Elle est née sur les fortifs et morte à Pigalle ; entre les deux, Fréhel aura prêté sa voix à tous les laissés-pour-compte de Paris.
Le 13 juillet 1891, selon son acte de naissance, une petite fille vient au monde au 109 du boulevard Bessières, dans le 17e. L'adresse dit déjà beaucoup : le boulevard longe alors la ligne des fortifications, la ceinture des « fortifs », là où Paris s'effiloche en terrains vagues et en logements de gagne-petit, du côté des Épinettes et de la porte de Clichy. Marguerite Boulc'h est fille de Bretons montés du Finistère — le père cheminot, la mère cuisinière. On grandit pauvre, on chante dans les cours pour quelques sous.
L'enfant des cours devient « la môme Pervenche », puis emprunte son nom de scène à un cap breton battu par les vents, le cap Fréhel. Vers dix-huit ans, elle croise Maurice Chevalier : deux années de passion, jusqu'à ce qu'il la quitte pour Mistinguett, à l'automne 1911. Fréhel dévisse. Alcool, éther, drogue, une tentative de suicide ; puis des années d'errance à travers l'Europe — Bucarest, la Russie, Constantinople — d'où le consulat de France finit par la rapatrier en 1923, la voix cassée, le corps alourdi.

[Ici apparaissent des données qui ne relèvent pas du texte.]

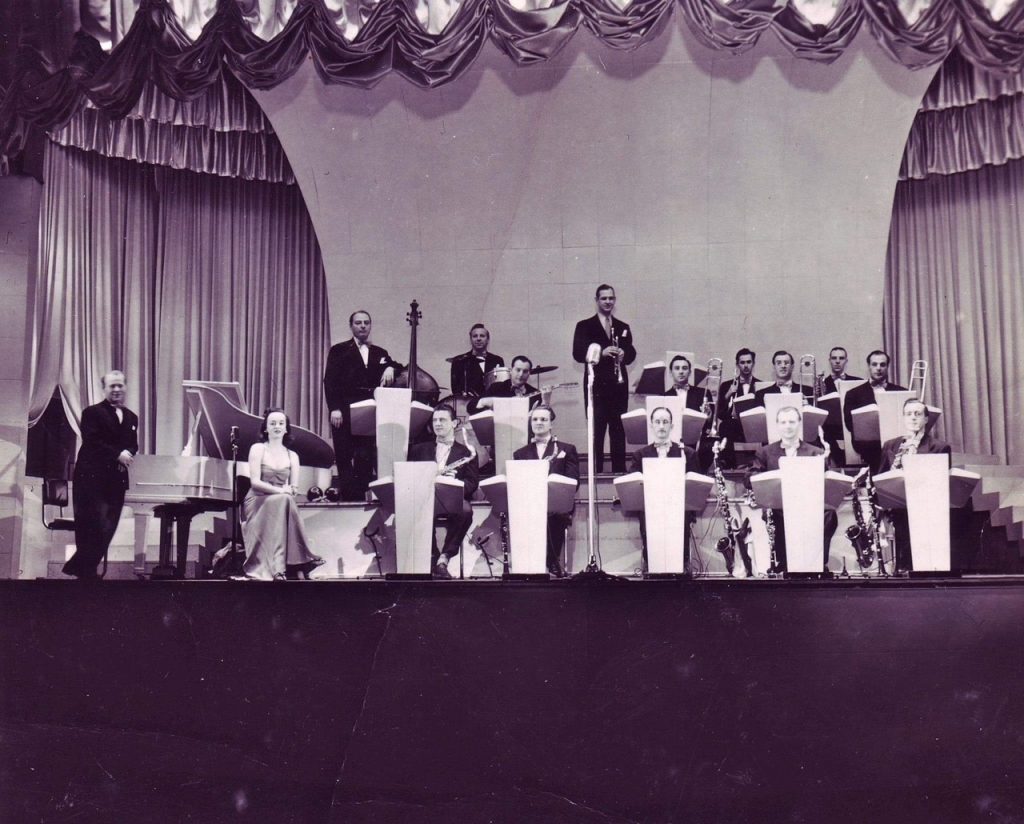 1940s Vintage photo of Canadian Veronica Foster performing with an orchestra in 1940s dress. 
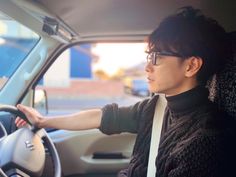 a woman sitting in the driver's seat of a car with her hand on the steering wheel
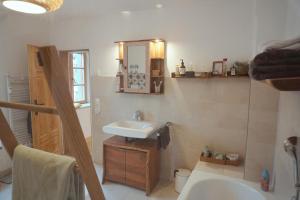 a bathroom with a sink and a bath tub at Alpen Lounge Leitzachtal - große urige Wohnung mit Dachterasse und Bergblick in Fischbachau +41 photos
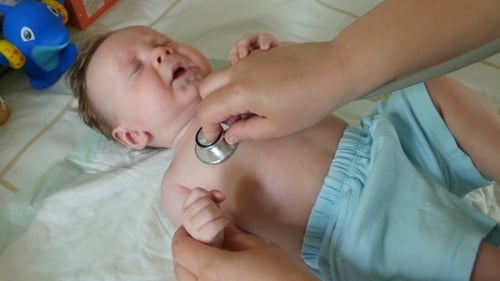 Baby Examined with Stethoscope by Adult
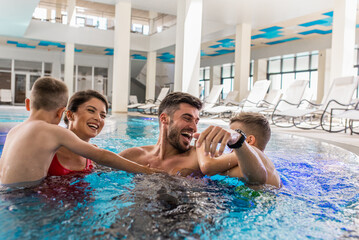 Smiling family of four having fun and relaxing in indoor swimming pool at hotel resort.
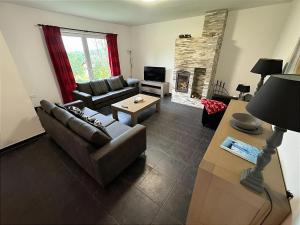 a living room with a couch and a fireplace at Villa Slupečná in Lipno nad Vltavou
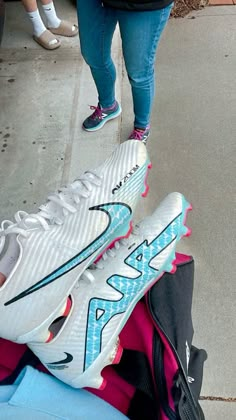 a pair of nike shoes sitting on top of a pile of clothes next to a woman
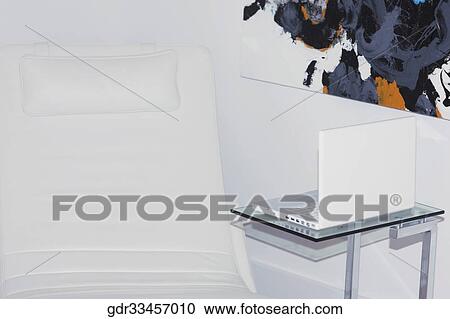 Reclining chair with a laptop View Large Photo Image Stock Image - Reclining chair with a laptop. Fotosearch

C'est cette voix-là, précisément, qui va faire d'elle une légende. En décembre 1923, elle remonte sur la scène de l'Olympia. Dans les années qui suivent, Fréhel devient la reine de la chanson réaliste : elle chante les filles perdues, les amours mortes, la misère des faubourgs — tout ce monde de la zone dont elle est sortie et qu'elle porte dans sa gorge éraillée. Le disque, le music-hall, une vingtaine de films : Paris se reconnaît dans celle qui n'a rien caché de ses propres naufrages.

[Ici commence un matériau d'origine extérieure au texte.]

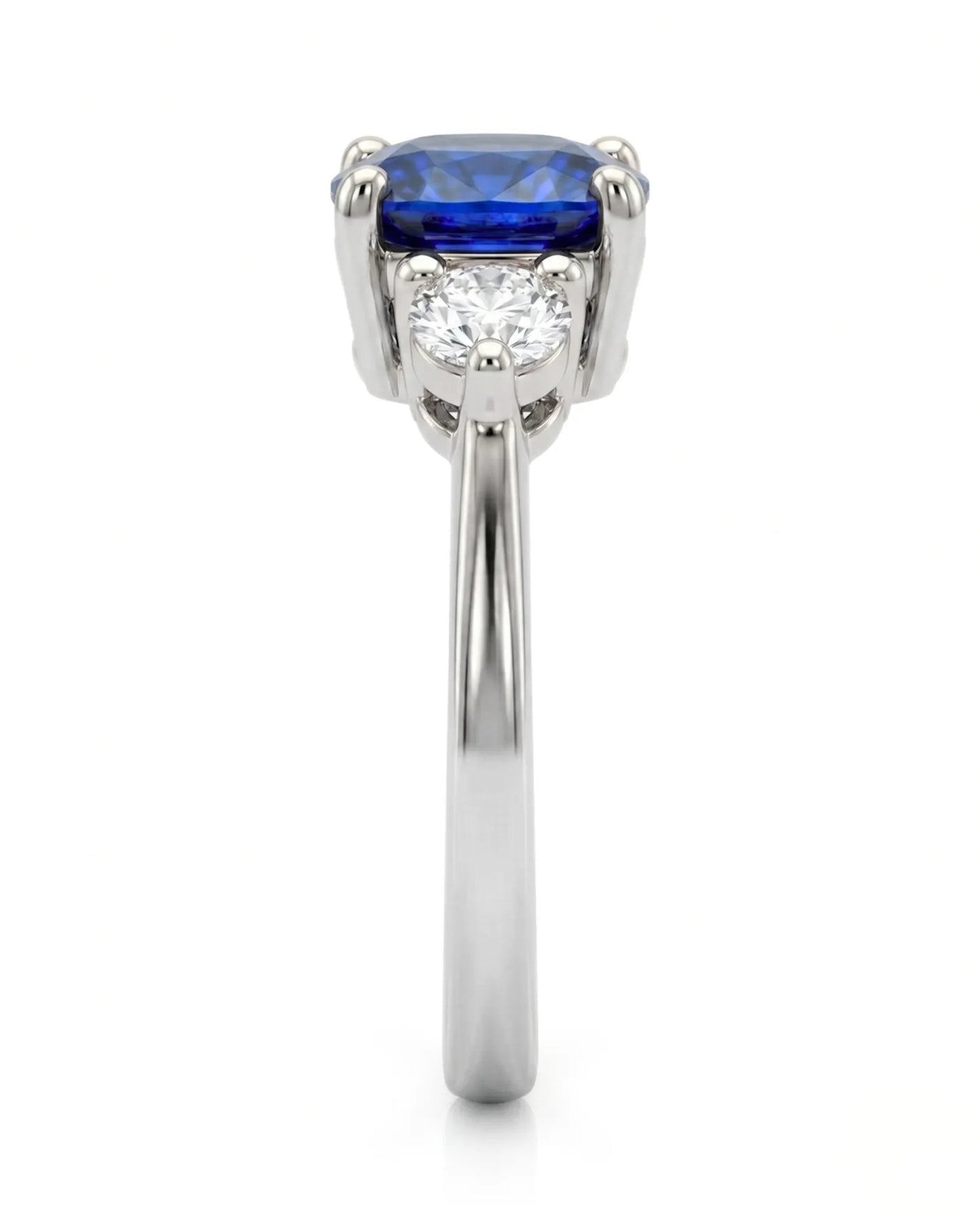 Cushion blue sapphire ring with two round diamonds in platinum - SARATTI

En 1937, Julien Duvivier lui confie un petit rôle dans Pépé le Moko. Elle y est Tania, une chanteuse oubliée, exilée comme le héros dans la casbah d'Alger. Devant un vieux phonographe, elle pose l'une de ses propres rengaines et l'accompagne, les larmes aux yeux : « Où est-il, mon moulin de la place Blanche ? » Fréhel, revenue de tous les exils, y pleure un Paris de Montmartre qui l'avait faite et défaite.
Elle mourra tout près de ce moulin. Le 3 février 1951, on la retrouve seule dans une chambre d'hôtel du 45, rue Pigalle — à quelques centaines de mètres de la place Blanche de sa chanson. Une foule nombreuse suivit le convoi jusqu'au cimetière de Pantin.